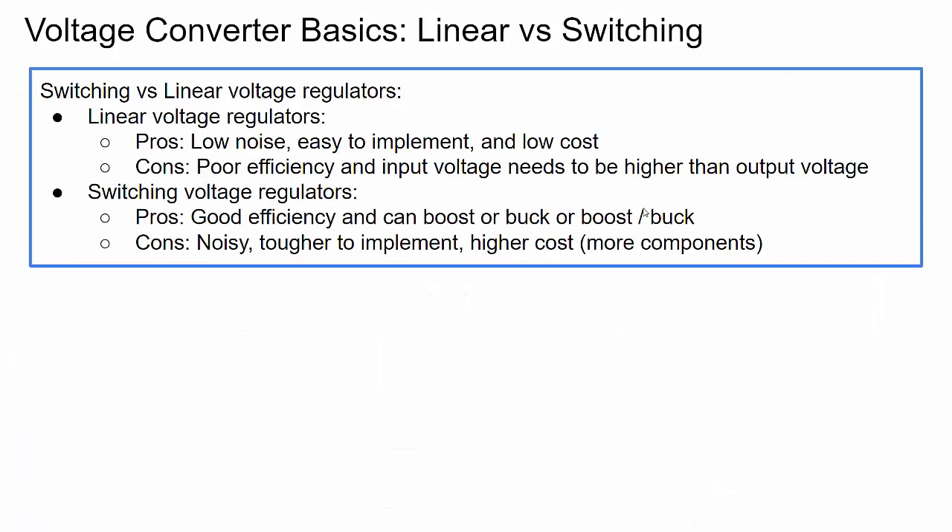The next thing I want to talk about is voltage converters or voltage regulators. There are two main types: linear and switching, and they both have pros and cons. Linear voltage regulators are low noise, easy to implement, require only a couple of components, and are typically low cost. The problem with linear regulators is poor efficiency — they can only step down voltages. The input voltage needs to be higher than the output voltage, which won't work for our example since we want 5 volt output but a lithium ion cell doesn't go up to 5 volts.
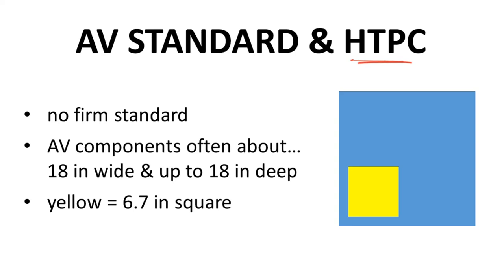Next, we have the HTPC based on the AV component standard. As it turns out, AV components don't have a true standard — they're typically up to 18 inches wide and 18 inches or less deep, which is actually a really large potential footprint. Furthermore, as electronics have shrunk over time, AV components have also gotten smaller. Intel's original documentation refers to DVD players having a standard format of around 18 inches wide, but most don't fit that anymore. DVD players now have a footprint not much bigger than a DVD itself — not to mention DVDs are kind of dead thanks to streaming. I only bring this up to point out how much can change in 10 years.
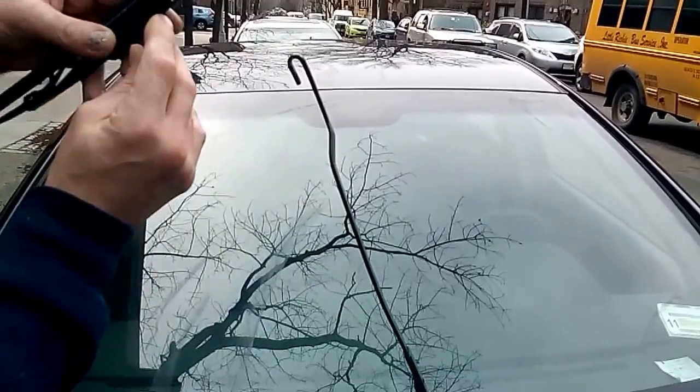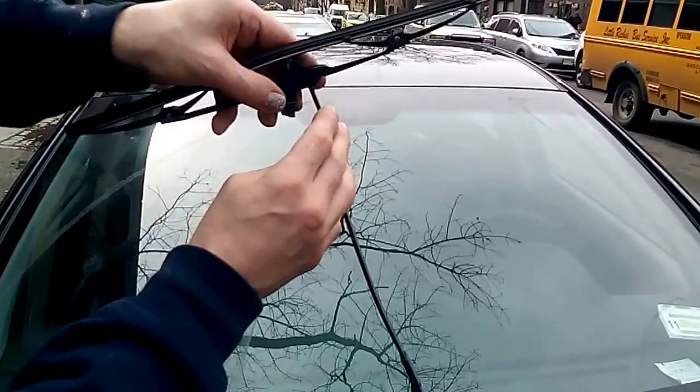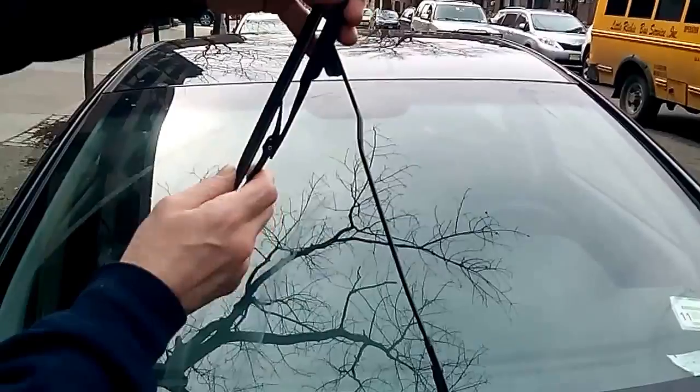Installation: when you get the new one, put the flap open, push it right through the loop, bring it up until it clicks and you're done.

What to produce — Could the lines above be copied out exactly, with no image carried over?

Task answer —
The next thing I want to talk about is voltage converters or voltage regulators. There are two main types: linear and switching, and they both have pros and cons. Linear voltage regulators are low noise, easy to implement, require only a couple of components, and are typically low cost. The problem with linear regulators is poor efficiency — they can only step down voltages. The input voltage needs to be higher than the output voltage, which won't work for our example since we want 5 volt output but a lithium ion cell doesn't go up to 5 volts.
Next, we have the HTPC based on the AV component standard. As it turns out, AV components don't have a true standard — they're typically up to 18 inches wide and 18 inches or less deep, which is actually a really large potential footprint. Furthermore, as electronics have shrunk over time, AV components have also gotten smaller. Intel's original documentation refers to DVD players having a standard format of around 18 inches wide, but most don't fit that anymore. DVD players now have a footprint not much bigger than a DVD itself — not to mention DVDs are kind of dead thanks to streaming. I only bring this up to point out how much can change in 10 years.
Installation: when you get the new one, put the flap open, push it right through the loop, bring it up until it clicks and you're done.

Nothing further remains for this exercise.